To authenticate via GitLab, you’ll be prompted to sign in to GitLab if applicable, and then be asked to authorize Chainguard Enforce to use your GitLab account.
As long as you are satisfied with granting Chainguard Enforce the permissions to your GitLab account, you can click on the Authorize button. Next, you’ll be brought to the Chainguard Enforce Console homepage.
At this point, you are logged in to Chainguard Enforce and will have access to your Chainguard Enforce account through the Console.
When using chainctl, you can initiate the login flow through the chainctl auth login command.
chainctl auth login
When you run this command, you’ll receive output similar to the following on your command prompt.

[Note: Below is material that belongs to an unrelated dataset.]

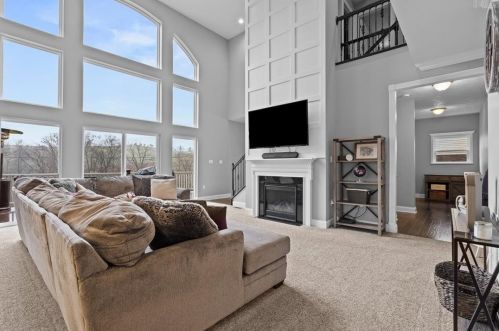 1350 Sandstone Dr, Mc Donald PA  15057-2592 exterior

Your browser will now be opened to:
https://auth.chainguard.dev/authorize?access_type=online&client_id=<RELEVANT ID HERE>
This will trigger a page to open on your default web browser. If this does not occur, you can copy the full URL on your terminal output and paste it in to a browser address bar.
At this point, your browser will display a login page similar to the following.
With chainctl, you’ll have the option to log in with one of the following OIDC providers:
If you will be authenticating with Google, click the Google button, and then select the specific Google account you would like to use to log in to chainguard.dev. Note that you may need to log in to your Google account.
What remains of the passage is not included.